→ Data supplied:
= = = =
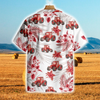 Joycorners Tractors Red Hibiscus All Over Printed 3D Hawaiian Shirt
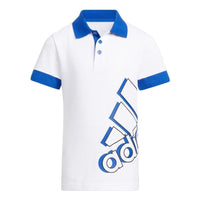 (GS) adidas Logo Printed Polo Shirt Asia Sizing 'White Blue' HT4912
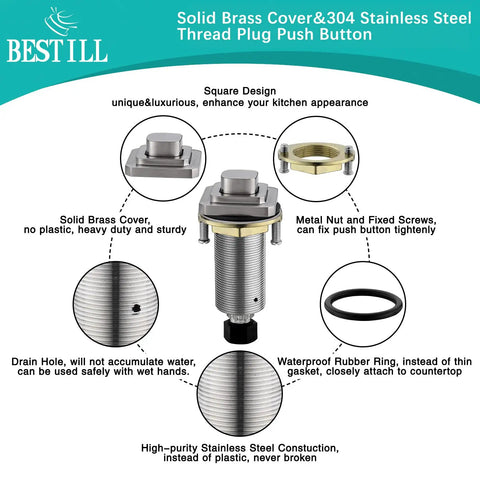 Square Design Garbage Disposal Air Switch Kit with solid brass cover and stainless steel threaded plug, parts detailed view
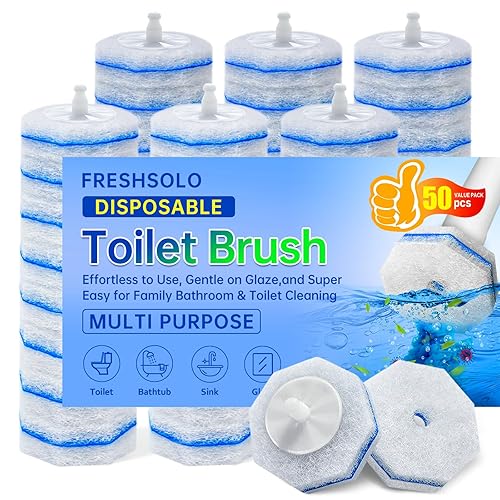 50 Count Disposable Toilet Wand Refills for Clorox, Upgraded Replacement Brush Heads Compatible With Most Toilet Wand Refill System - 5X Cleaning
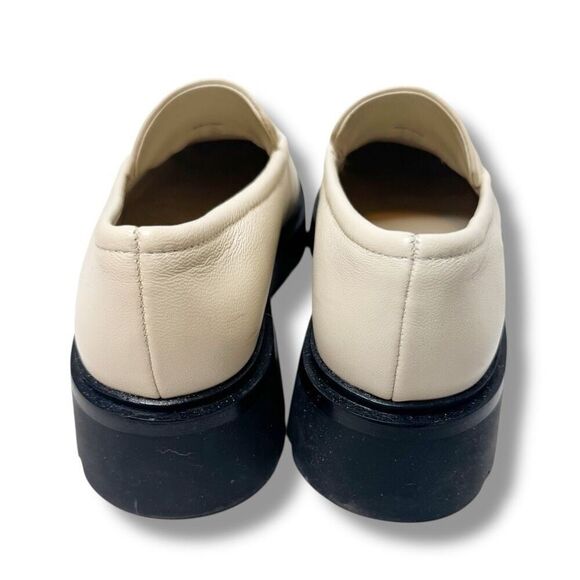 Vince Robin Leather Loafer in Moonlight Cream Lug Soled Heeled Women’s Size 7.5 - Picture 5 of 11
= = = =
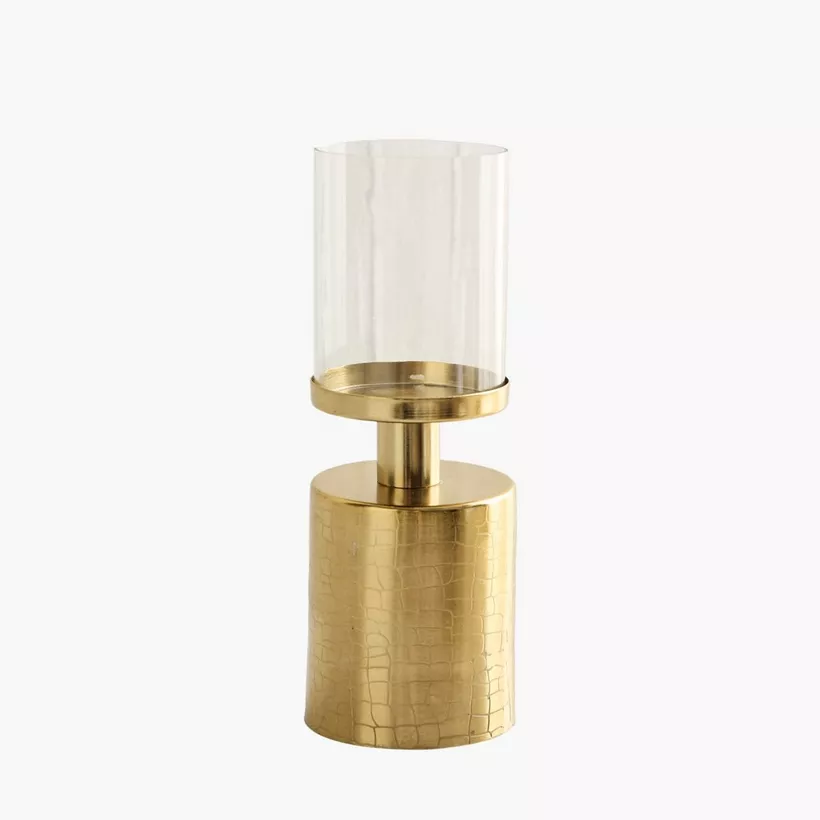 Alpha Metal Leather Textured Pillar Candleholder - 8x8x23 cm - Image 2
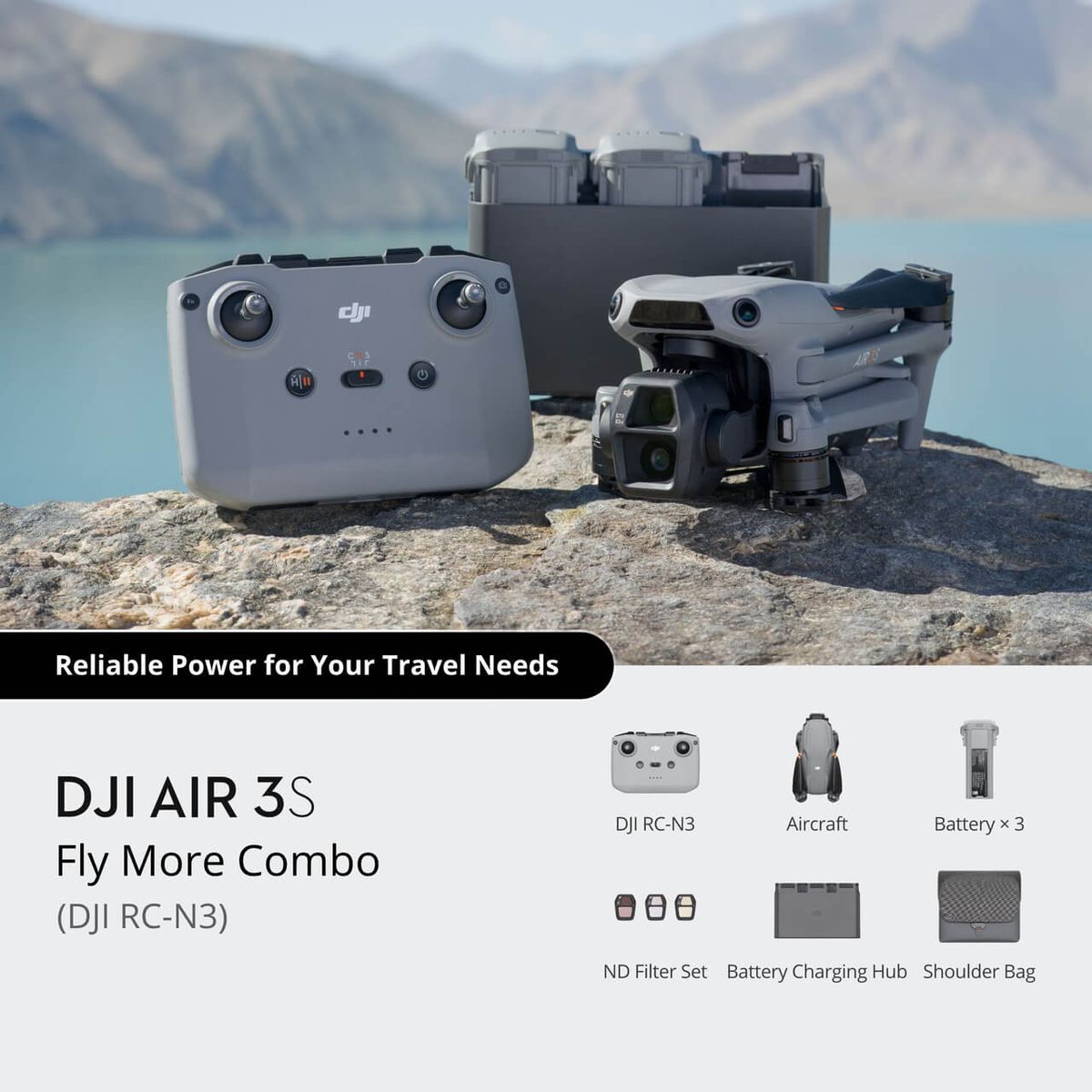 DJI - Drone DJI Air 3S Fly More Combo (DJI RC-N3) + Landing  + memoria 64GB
= = = =
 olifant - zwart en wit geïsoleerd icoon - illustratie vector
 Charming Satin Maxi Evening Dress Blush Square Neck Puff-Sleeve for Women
= = = =
→ What you will do: Using the data above, transcribe exactly the lines between those containing "Alpha Metal Leather" and "DJI - Drone", inclusive, and leave every picture behind.

→ Result for this exercise:
 Alpha Metal Leather Textured Pillar Candleholder - 8x8x23 cm - Image 2
 DJI - Drone DJI Air 3S Fly More Combo (DJI RC-N3) + Landing  + memoria 64GB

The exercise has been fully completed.